Nearly 10 percent of 365 compliance professionals who completed Compliance Week’s coronavirus survey said their companies were ill-prepared for the pandemic. For these 31 companies—representing industries including banking, business services, government, manufacturing/retail, aerospace, government, and real estate—the outbreak caught them flat-footed. More than two-thirds of these companies were on the larger side—between 1,000-10,000 employees—and had international corporate footprints.
This article is from FRA's sister company, Compliance Week.
Conducted from March 24-26, the anonymous survey captured a moment in time for the coronavirus pandemic, which began in December 2019 in Wuhan, China. Over those three days, 130,000 new coronavirus cases were discovered worldwide, according to the World Health Organization. The crisis was ebbing in China and South Korea, in full force in Italy, Iran, and Spain, and beginning to overwhelm the healthcare system of New York City. Hot spots were also developing elsewhere in the United States.

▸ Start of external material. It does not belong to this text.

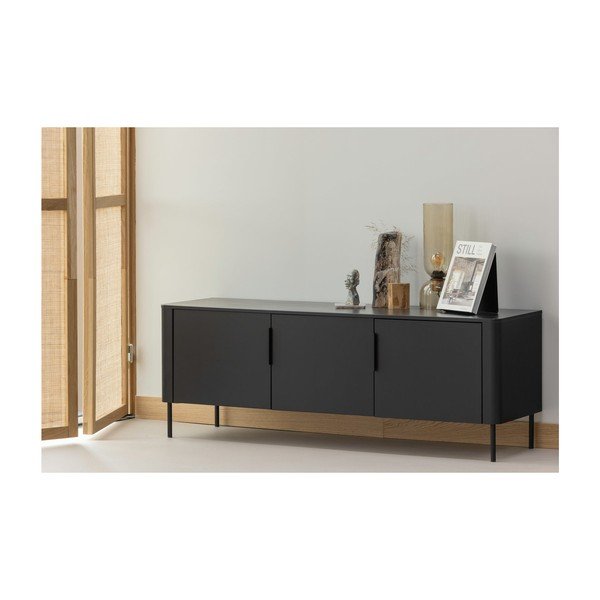 Comodă TV negru-mat din lemn de pin 154x56x44 cm Gunnar – WOOOD-image-1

Respondents who said their companies weren’t prepared said leadership didn’t take the coronavirus threat seriously as it gained steam in China. Risk assessment failed to recognize that the pandemic would morph from a faraway, supply chain disruption issue into a complete business shutdown at home.
These compliance professionals reported their business continuity plans were not adequately developed or tested. When shutdowns began, many of these businesses said they scrambled to convert their office employees to remote workers.
Some banks and other heavily regulated industries reported numerous problems transitioning their workforce.
“It’s just not my company but overall 70 percent of [multinational corporations] and banks who’s into compliance won’t give work from home due to customer data and other constraints, but now they are facing a really tough time due to it,” one survey respondent wrote. “Also, many compliance projects have been given for associates to work from home.”
Companies that had problems responding to the pandemic also reported communication issues, stemming from the company’s leaders having not adequately assessed its effect on their business and not having a fully formed plan. As a result, the companies said they were slow to relay vital information to their employees at a time of heightened uncertainty and anxiety.
“I think one of the lessons here is that there is a clear distinction between pro forma compliance and truly meaningful compliance that encompasses risk management and business continuity,” said Christopher Michaelson, a professor in the Department of Ethics and Business Law at the University of St. Thomas. “Not everything is necessarily bad news. We are learning new ways to cope with business challenges, to keep it going.”
The compliance profession has an opportunity to permanently expand itself beyond the “narrow focus” of regulatory compliance and tackle risk management and business continuity planning on a daily basis, said Carrie Penman, chief compliance officer at NAVEX Global.
“This is really a moment for the industry to shine,” she said.
Of those compliance professionals who rated their companies’ performance as “poor” or “very poor,” 80 percent reported not having a business continuity plan in place, compared to 44 percent of all respondents. Among compliance professionals who said their companies did perform well, having a tested, vetted business continuity plan in place was crucial.
“You can be strategic, or you can be reactive,” said Fabiana Lacerca-Allen, senior vice president compliance for Aimmune Therapeutics in Brisbane, Calif. “The idea is to get ahead of the curve.”
Culture conversation
Another marker of success is a robust company culture. If company leadership does not have a good rapport with its employees during normal times, it is not trusted to convey a hard truth in times of trouble.
“Companies with strong cultures are seeing employees rise to the challenge. They’re making good decisions and are being transparent,” said Penman.
“You’ve got to have your own culture in place,” said Keith Darcy, a compliance consultant with clients like Deloitte, and oil and gas companies. “Not just to save the business, but to keep the business’ reputation going, so that in the future you’ve got something to build on.”